Studio album by The Ordinary Boys
- Released: 23 October 2006
- Label: B-Unique/Polydor
- Producer: Plastic Man

The Ordinary Boys chronology
| Brassbound (2005) | How to Get Everything You Ever Wanted in Ten Easy Steps (2006) | The Ordinary Boys (2015) |

= How to Get Everything You Ever Wanted in Ten Easy Steps =

How to Get Everything You Ever Wanted in Ten Easy Steps is the third album by English indie band the Ordinary Boys, released following lead singer Samuel Preston's appearance on Celebrity Big Brother in January 2006. It was released on 23 October 2006 in the UK. It signified a transition in the band's sound from ska-inspired British indie to a more pop and disco one. The hit single "Boys Will Be Boys" is included as a bonus track. This song also featured on the band's second album, Brassbound, but was a success long after the release of the previous album.

The band put all of the songs from the album on their Myspace page for fans to listen to. The record has been billed by the band as their best album and the one which they are most proud of, but response from critics, fans and the general public was mixed and lukewarm.
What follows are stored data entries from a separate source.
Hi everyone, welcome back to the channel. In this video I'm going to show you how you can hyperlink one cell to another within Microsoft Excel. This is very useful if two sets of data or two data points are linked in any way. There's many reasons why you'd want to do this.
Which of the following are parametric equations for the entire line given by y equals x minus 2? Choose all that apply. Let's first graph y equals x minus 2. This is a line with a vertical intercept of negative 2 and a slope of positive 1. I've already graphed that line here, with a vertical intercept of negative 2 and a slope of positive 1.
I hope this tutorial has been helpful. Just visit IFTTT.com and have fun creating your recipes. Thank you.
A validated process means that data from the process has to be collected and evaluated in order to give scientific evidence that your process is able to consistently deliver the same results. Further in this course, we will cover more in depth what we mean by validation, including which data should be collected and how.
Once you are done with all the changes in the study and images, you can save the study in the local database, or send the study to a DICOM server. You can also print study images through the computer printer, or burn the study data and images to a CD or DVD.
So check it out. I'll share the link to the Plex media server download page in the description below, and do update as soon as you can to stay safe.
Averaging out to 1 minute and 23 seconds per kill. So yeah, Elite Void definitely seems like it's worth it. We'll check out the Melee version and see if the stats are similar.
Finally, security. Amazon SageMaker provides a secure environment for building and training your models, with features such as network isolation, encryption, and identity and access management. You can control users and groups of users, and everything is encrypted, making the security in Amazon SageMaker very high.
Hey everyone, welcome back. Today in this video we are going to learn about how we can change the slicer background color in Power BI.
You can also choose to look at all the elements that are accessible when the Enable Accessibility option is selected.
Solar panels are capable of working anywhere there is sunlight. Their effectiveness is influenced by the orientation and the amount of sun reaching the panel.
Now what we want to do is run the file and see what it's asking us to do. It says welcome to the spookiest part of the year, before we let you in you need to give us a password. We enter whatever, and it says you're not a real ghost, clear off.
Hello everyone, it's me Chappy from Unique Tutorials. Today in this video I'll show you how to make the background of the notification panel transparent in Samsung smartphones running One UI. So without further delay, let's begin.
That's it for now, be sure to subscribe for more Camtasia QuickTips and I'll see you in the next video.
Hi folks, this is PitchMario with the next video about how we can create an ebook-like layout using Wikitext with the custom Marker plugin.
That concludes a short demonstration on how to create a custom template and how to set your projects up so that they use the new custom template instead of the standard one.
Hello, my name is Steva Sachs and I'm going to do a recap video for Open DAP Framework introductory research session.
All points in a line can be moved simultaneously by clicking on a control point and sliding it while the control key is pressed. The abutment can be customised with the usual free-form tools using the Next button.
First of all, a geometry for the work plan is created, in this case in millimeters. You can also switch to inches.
Andy Gill of The Independent rated it two stars, stating "the album's supposedly sardonic take on tabloid celebrity culture is fatally compromised by songwriter Preston's embrace of it." The album charted at No. 15. The last reported sales figures claimed that the album is their least successful sales-wise.

Professional ratings
Review scores
| Source | Rating |
| AllMusic | Star |
| CD Times | Unrated |
| Gigwise | Star |
| The Guardian | Star |
| The Independent | Star |
| musicOMH | Star |
| NME | Star |

==Track listing==
1. "Introducing the Brand"
2. "Lonely at the Top"
3. "The Great Big Rip Off"
4. "Club Chez-Moi"
5. "I Luv U"
6. "Nine2Five"
7. "Commercial Breakdown"
8. "Ballad of an Unrequited Self-Love Affair"
9. "The Higher the Highs"
10. "Shut Your Mouth"
11. "We've Got the Best Job Ever"
12. "Walking on the Faultlines (The Ultimate Step)"
13. "Thank You and Goodnight"
14. "Who's That Boy?" (Bonus Track)
15. "Boys Will Be Boys" (bonus track)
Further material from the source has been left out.